While certain embodiments have been described, these embodiments have been presented by way of example only, and are not intended to limit the scope of the inventions. Indeed, the novel embodiments described herein may be embodied in a variety of other forms; furthermore, various omissions, substitutions and changes in the form of the embodiments described herein may be made without departing from the spirit of the inventions. The accompanying claims and their equivalents are intended to cover such forms or modifications as would fall within the scope and spirit of the inventions. A plurality of embodiments may be combined with each other, and examples structured by these combinations are within the scope of the embodiments. In addition, the names and terms used are not limited, and the other expressions are included in the scope of the embodiments as long as they means substantially the same matters. Furthermore, the constituent elements in claims are in the category of the embodiments even if the components are expressed separately, even if the components are expressed in association with each other or even if the components are expressed in combination with each other.

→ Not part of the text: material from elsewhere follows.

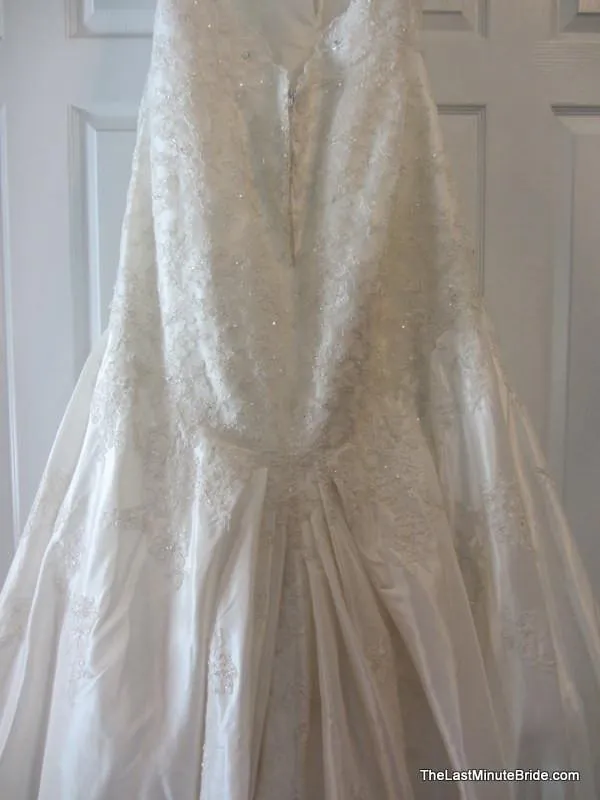 Sophia Tolli Selyse Y11413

To further clarify explanations, the width, thickness, shape and the like of each unit may be schematically shown in the drawings compared with the actual aspects, in the drawings for illustrating the embodiments. In the functional block diagrams of the drawings, the constituent elements of the functions necessary for the descriptions are represented by the blocks, and descriptions of the constituent elements of general functions may be omitted. In addition, the blocks indicative of the functions are conceptual in function, and do not need to be physically constituted as shown in the drawings. For example, concrete forms of distribution and integration of the blocks of each function are not limited to the forms in the drawings. The forms are distributed and integrated functionally or physically in accordance with use conditions in the blocks of each function. In addition, in the functional block diagrams of the drawings, data or signals may be exchanged between the blocks which are not linked or in a direction which is not represented by an arrow between linked blocks.

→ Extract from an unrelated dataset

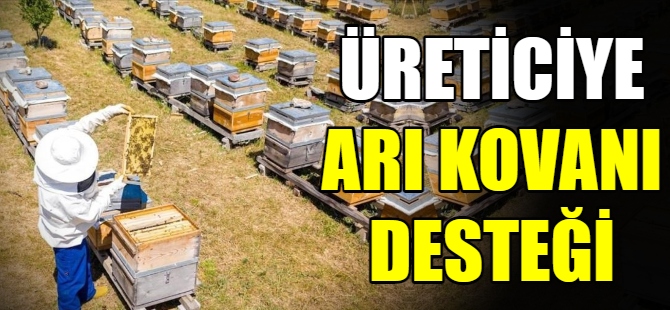 Üreticiye arı kovanı desteği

The processes shown in the flowcharts of the drawings may be implemented by hardware (IC chips and the like), software (programs and the like), or combinations of hardware and software. Even when a claim is expressed as a control logic, or as a program including an instruction for executing a computer, or as a computer-readable recording medium describing the instruction, the device of the embodiments is applied.
In addition, the names and terms used are not limited, and the other expressions are included in the scope of the embodiments as long as they means substantially the same matters.
Number | Date | Country | Kind |
---|---|---|---|
2019-181373 | Oct 2019 | JP | national |
This application is based upon and claims the benefit of priority from Japanese Patent Application No. 2019-181373, filed Oct. 1, 2019, the entire contents of which are incorporated herein by reference.